SECTION 13. SERVICE STANDARDS; EXTENSION POLICY.
Subject to the parameters of feasibility as set forth herein below, CLEARWATER, its successors
and assigns shall furnish twenty four (24) hours of continuous service each and every day to any
customer within LARGO desiring the same and failure upon the part of CLEARWATER to: furnish Gas as
herein provided for any cause within the control of CLEARWATER for a period of seventy -two (72) hours
or more; and /or other breach of term hereof, either not being corrected within thirty (30) days after written
notice by LARGO thereof may act as a forfeiture of this FRANCHISE in the discretion of LARGO.
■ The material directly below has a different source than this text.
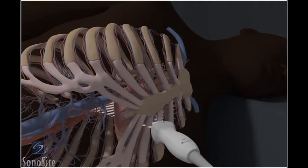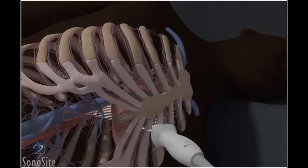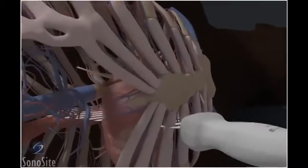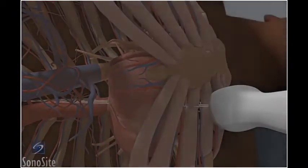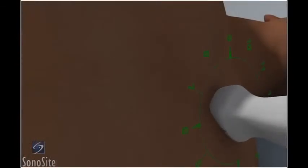Assuming the short axis of the heart to be positioned on a plane from the patient's right shoulder to the left hip, rotate the transducer to adjust for the body habitus of the patient. The orientation marker will be at approximately the two o'clock position.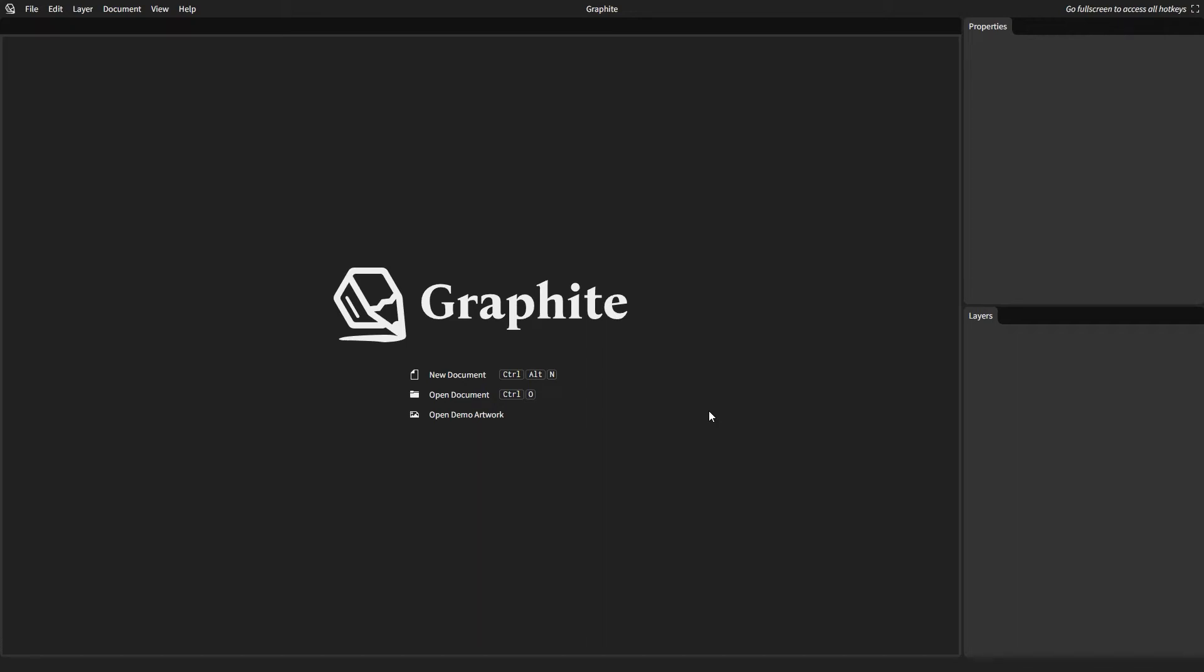Welcome to Graphite and the first introductory tutorial. Graphite is completely free open source creative software for making 2D artwork and graphic designs. I will show you how it works throughout this series.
CLEARWATER shall have the opportunity to be heard by LARGO's Commission at a duly convened
meeting of the Commission prior to consideration of any such forfeiture.
As provided in Section 6 hereof, CLEARWATER, its successors and assigns, shall not be
required to lay facilities or equipment beyond such point as it determines to be economically unfeasible,
and unless the revenue from such additional facilities or equipment shall warrant such installation on a
basis of reasonable compensation or return on CLEARWATER's investment. CLEARWATER covenants
and agrees that it will not arbitrarily or unreasonably refuse to make extensions when requested to do so
by LARGO.
SECTION 14. COSTS; OWNERSHIP; REPAIRS; RELOCATION.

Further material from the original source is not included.